Nacho Sánchez Amor tarafından, Avrupa Komisyonu’nun 2023 ve 2024 yılı genişleme raporlarına yönelik olarak Türkiye için hazırladığı raporu kabul etti.[1]
Rapor Avrupa Parlamentosu’nun 9 Nisan 2025 tarihli oturumunda 48 kabul, 3 ret ve 23 çekimser oy ile kabul edildi.
Raporda Türkiye’nin yeşil enerji sektöründe artan yatırım faaliyetlerinin memnuniyetle karşılandığı ifade edilirken, 2030 yılı için belirlediği hedefler ile enerji verimliliği ve yenilenebilir enerji alanındaki küresel hedeflere bağlı olduğuna vurgu yapıldı.
Türkiye’nin yenilenebilir enerji alanında muazzam bir potansiyele sahip olduğunun da altı çizilen raporda, Türkiye’ye bu potansiyelden faydalanarak enerji politikasını AB müktesebatıyla olan uyumunu geliştirme çağrısı yapıldı.
Bununla birlikte raporda Türkiye’nin LNG alanında dünyanın yedinci büyük pazarı olduğuna ve bölgesel bir enerji merkezi olma potansiyeline de vurgu yapıldı.
Komisyon raporunda Türkiye’nin bu potansiyelini Akdeniz bölgesinde kurulu yenilenebilir kapasiteyi arttırma ve Akdeniz için Yeni Pakt’ın geliştirilmesine yönelik girişimler için dikkate alması ve enerji işbirliğini ortak gündemin parçası haline getirmesi çağrısında bulunuldu.
“İklim eylemi yetersiz, çevre politikaları AB müktesebatıyla uyumsuz”
Raporda Türkiye’nin iklim eylemi konusunda kayda değer bir ilerleme kaydetmediği endişesi yer alırken, bunun gerekçesi olarak da özellikle kapsamlı bir iklim yasasının, yerel bir emisyon ticaret sisteminin ve uzun vadeli düşük emisyonlu bir kalkınma stratejisinin bulunmaması gösterilirken, bu durumun Türkiye’nin 2053 yılı için belirlediği iklim nötr olma hedefine zarar verdiği belirtildi.

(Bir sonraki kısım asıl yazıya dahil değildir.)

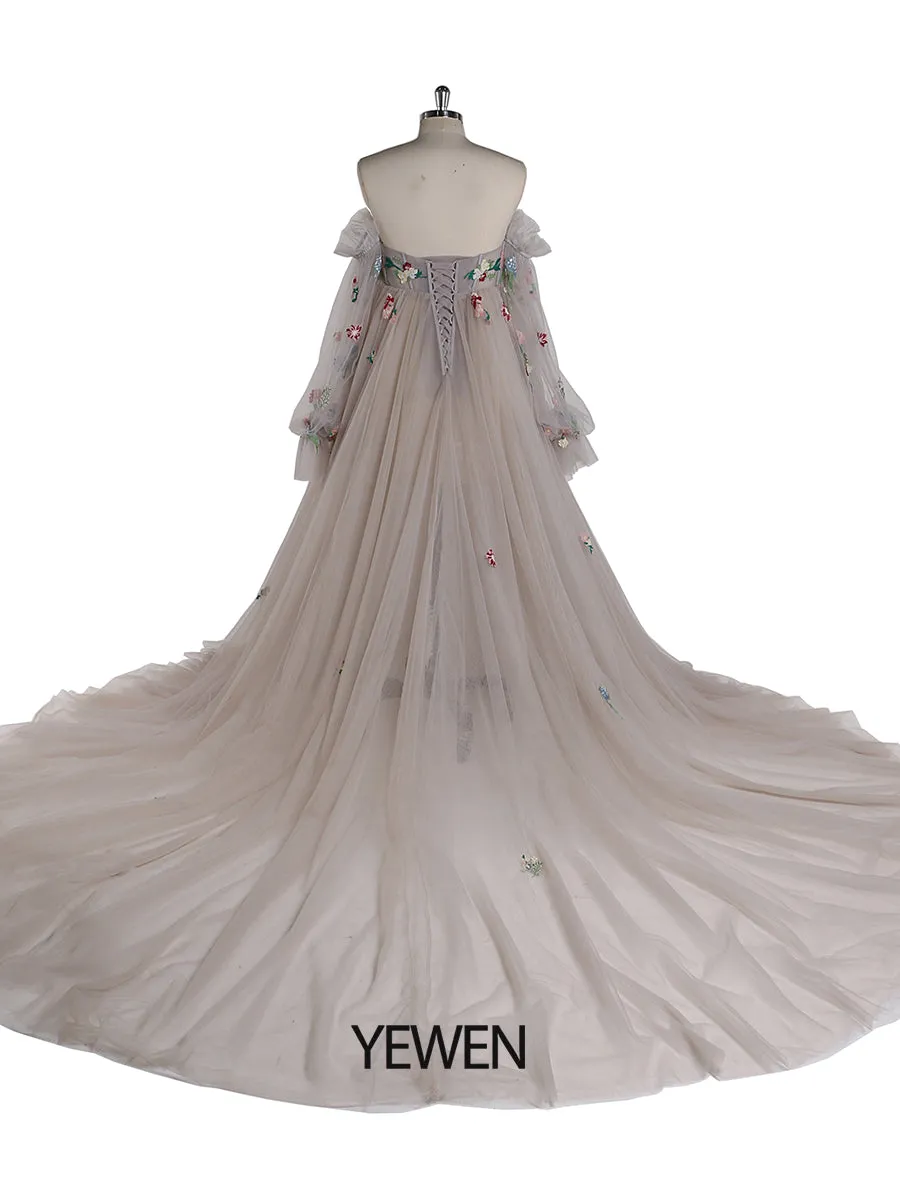 Embroidery Lace Maternity Dress for Photo Shoot Pregnancy Colored Wedding Dress YW220331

Komisyon raporunda Türkiye’de çevresel ve doğal kaynakların korunması için sağlam bir yasal çerçeveye ve daha sıkı uygulama mekanizmalarına ihtiyaç duyulduğunun altı çizildi.
Raporda Türkiye’ye madencilik projeleri yürütürken doğal yaşam alanlarına saygı gösterilmesi de dahil olmak üzere çevre politikalarını AB müktesebatıyla uyumlu hale getirme çağrısında da bulunuldu.
Türkiye’nin Aarhus Sözleşmesi’ne bağlılığının önemi ve Türkiye’deki çevre hakları savunucularının çalışmalarını takdir edildiğine vurgu yapılan raporda Kaz Dağları’ndaki bakır madenciliği faaliyetlerinin genişletilmesi gibi kapsamlı hükümet projelerinin korkunç çevresel etkilerine karşı uyarıda bulunulduğu ifade edildi.